I think it all boils down to this : it depends on the tone of voice and/or purpose we use the term "gringo". I've been living for over five years in the U.S. and, I have met people whose physical outlines would certainly become a reason for many people in my turf( Honduras) to call them "gringos". By physical outlines, I mean blue or black eyes, white skin, usually blond hair..and English as a native language. And some of the people I have met think the way you do: the term is offensive to them. But others( I would say, the vast majority of those I have met up to now) do not find it that way but funny instead. To me, it is not offensive at all as long as your purpose is not evil towards the person you allude to.Originally Posted by Thomas
Now, the other Spanish phrase you referred to(hijo de p***).. if either me or ANY person who uses it has not built up the right level of relationship allowing the use of such term with the other guy..other than being very offensive..I could guarantee that for all hell is going to break loose.
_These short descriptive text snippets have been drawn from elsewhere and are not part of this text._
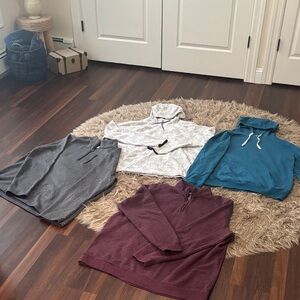 Men’s shirts tops hoodies zip up lot size XXL JOCKEY OLD NAVY great condition!!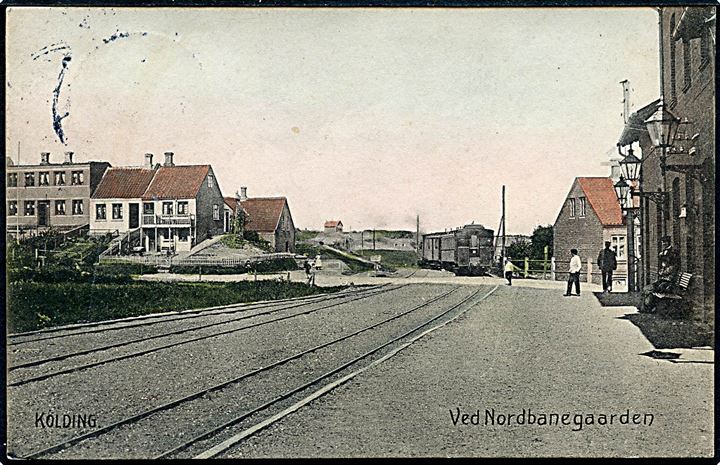 Kolding, Nordbanegaarden med tog. Stenders no. 1745. Kvalitet 8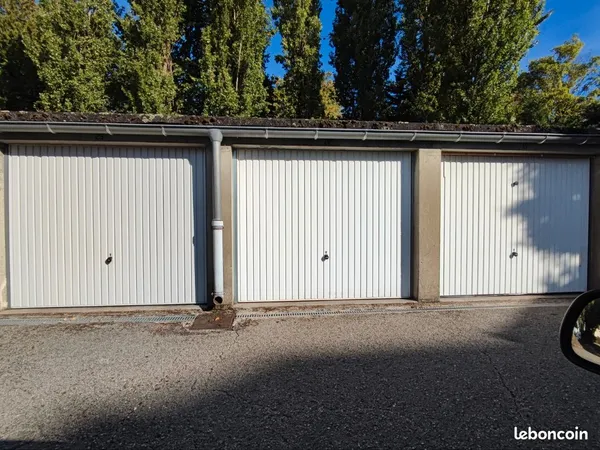 Garage à louer à Charnay les Mâcon limite Mâcon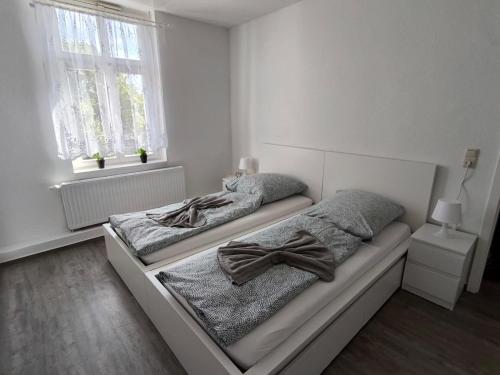 2 twin beds, 1 sofa bed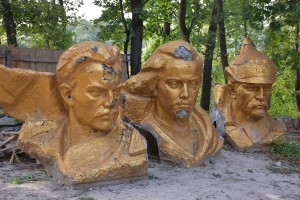 Памятники советской эпохи свозят в музей тоталитаризма (ФОТО)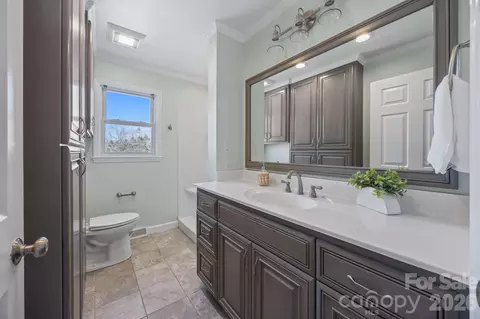 Bath - 33633 Mann Rd, Albemarle, NC 28001 photo 1 of 3
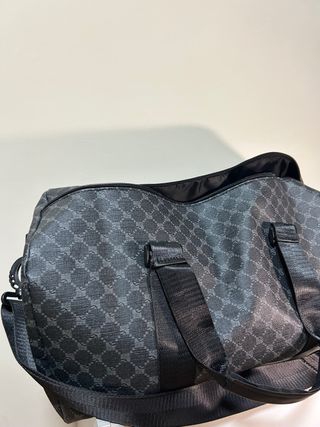 Bolso de viaje estampado negro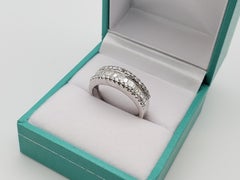 Ring aus 14-karätigem Weißgold mit einem 1,50-Karat-Prinzess-Baguette- und einem runden Naturdiamanten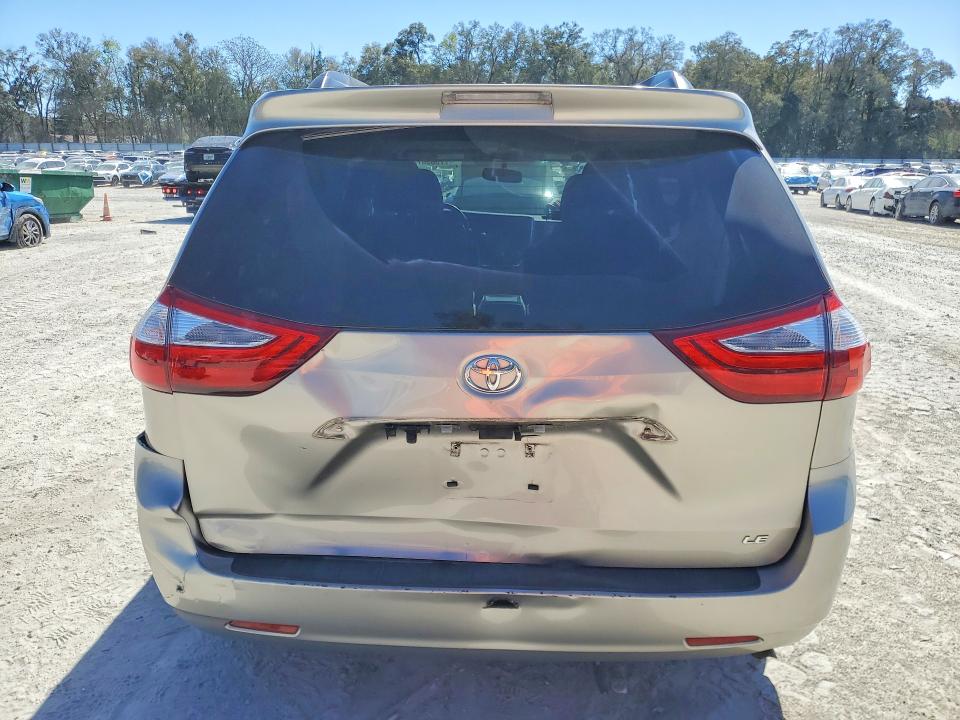 Photo 6 from auction – 2017 TOYOTA SIENNA with VIN 5TDKZ3DC0HS885152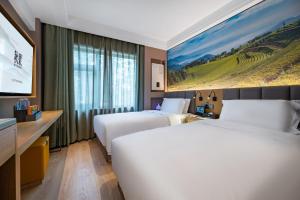 Uma cama ou camas num quarto em Qiuguo Hotel Beijing Convention Center Bird's Nest Beiyuan
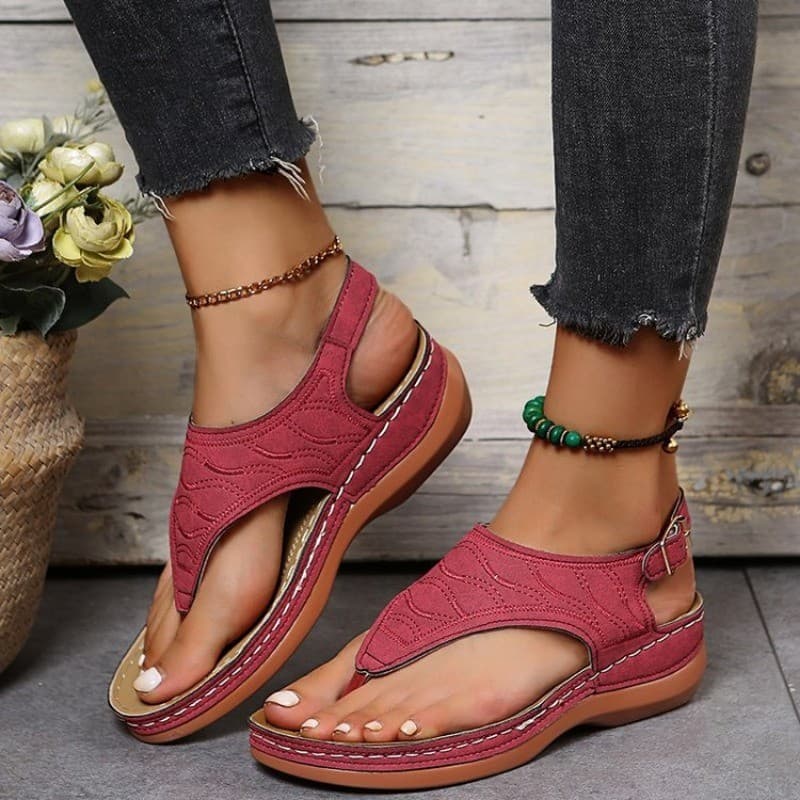 Novo Verão Sandálias Femininas Apartamentos Chinelos De Couro Do Plutônio Flip Flops Fivela Cinto Sapatos Femininos 2023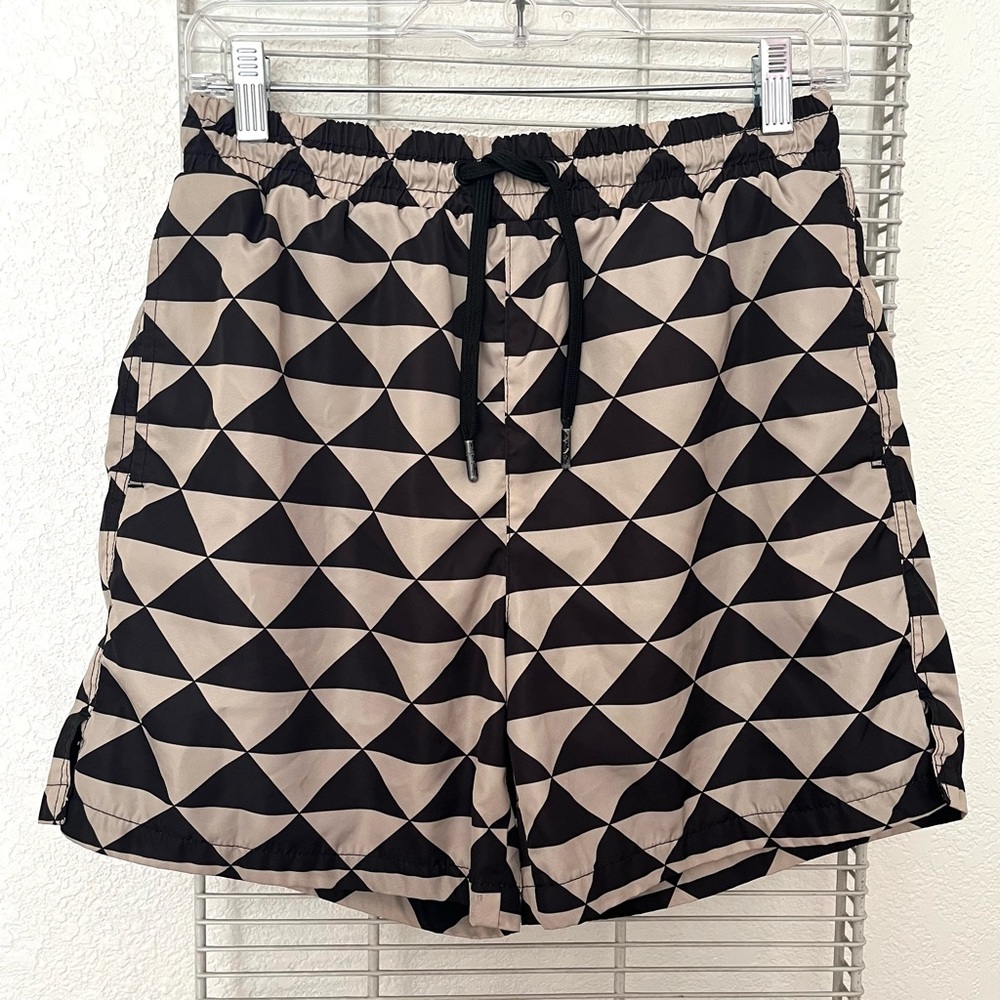 Maison Article Geometric Hybrid Shorts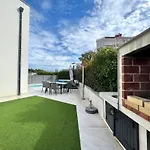 Joka With Heated Pool And Huge Roof Terrace Banjole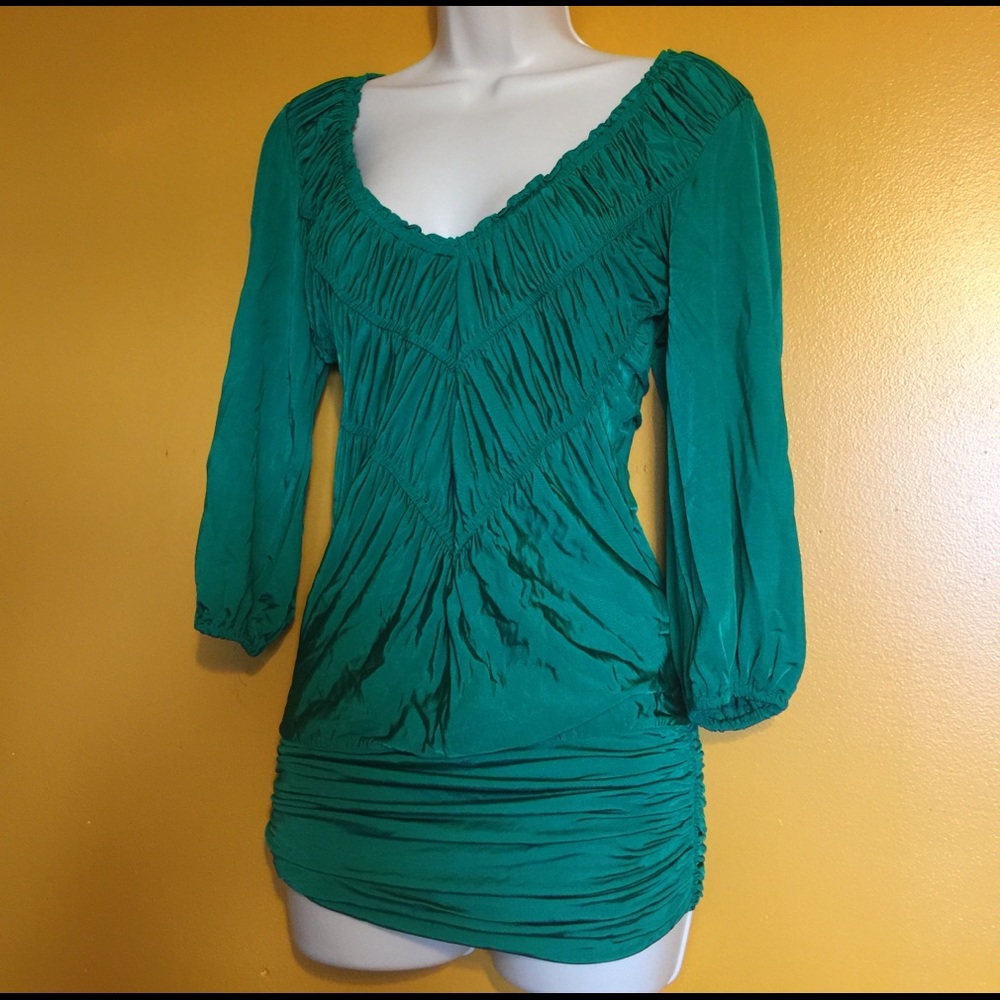 Electric emerald green! Silky smooth by bebe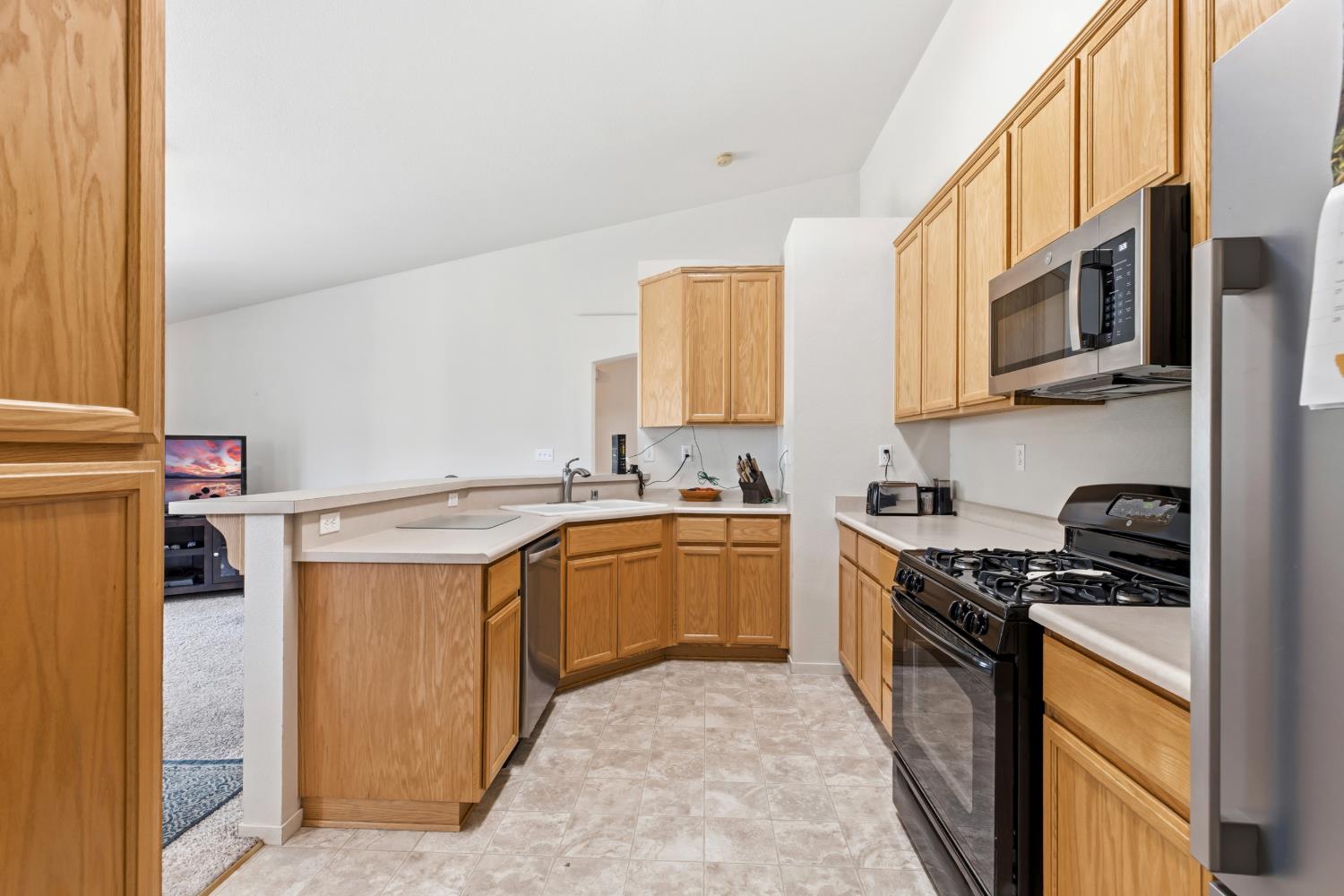 2085 W Solis St, Merced, CA 95348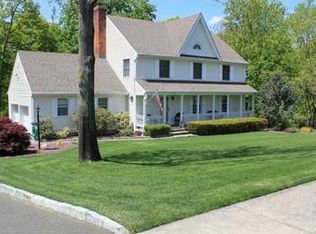 31 Lisa Ct, North Haledon, NJ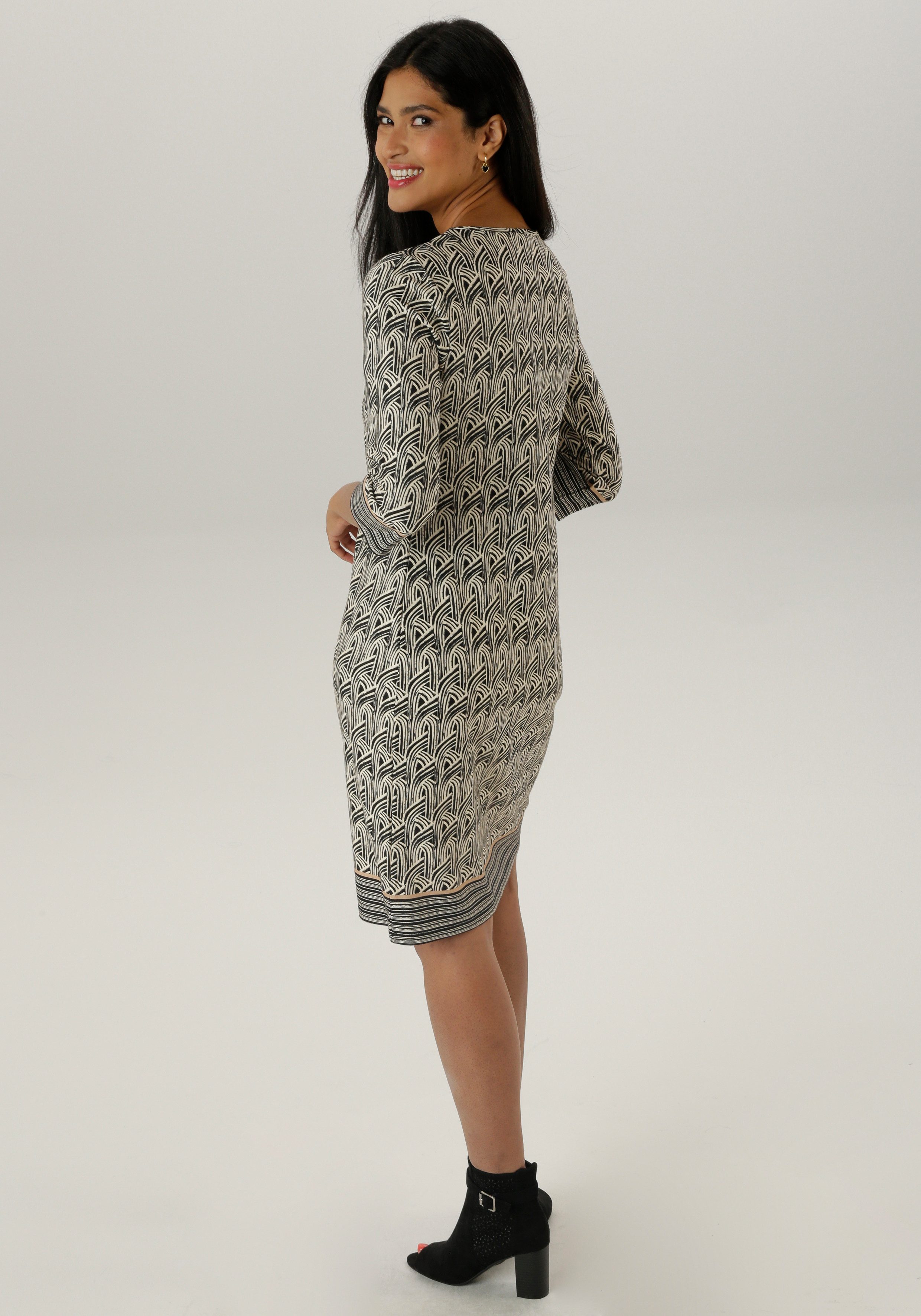 Aniston SELECTED Jerseyjurk met decoratieve cut-out aan de ronde halslijn nieuwe kollectie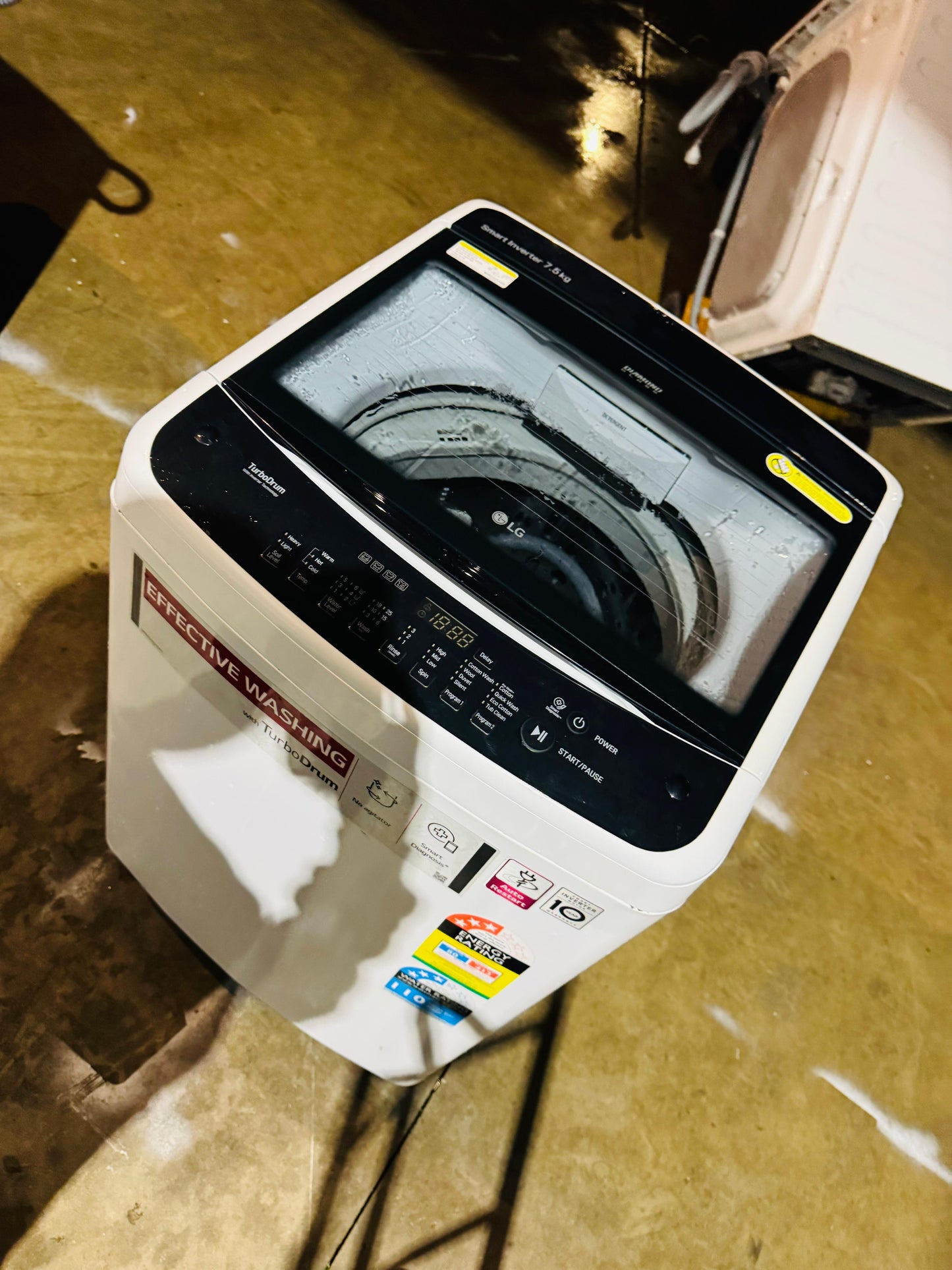 **LG 7.5 KGS TOP LOADER WASHING MACHINE**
Overall, I understand your point. But I wouldn't even dare to make comparisons between the use of that phrase(hijo de p***) and the use of "gringo", nor would I use that Spanish swear when addressing someone unless a very special and/or specific level of interaction has been built up between that person and me.
To my understanding and from what I've noticed in the U.S. so far, the most common translation for that Spanish swear in English(pretty much accurate, which is "SOB") is not used in the same context(strong or not) in both languages. If I am wrong, well,.. please nicely correct me. But the Spanish swear you just referred to is quite strong.
As for the term «gringo» and its origin(as far as I know) I couldn't agree more with Vicente's and Julio Jaubert's anwers.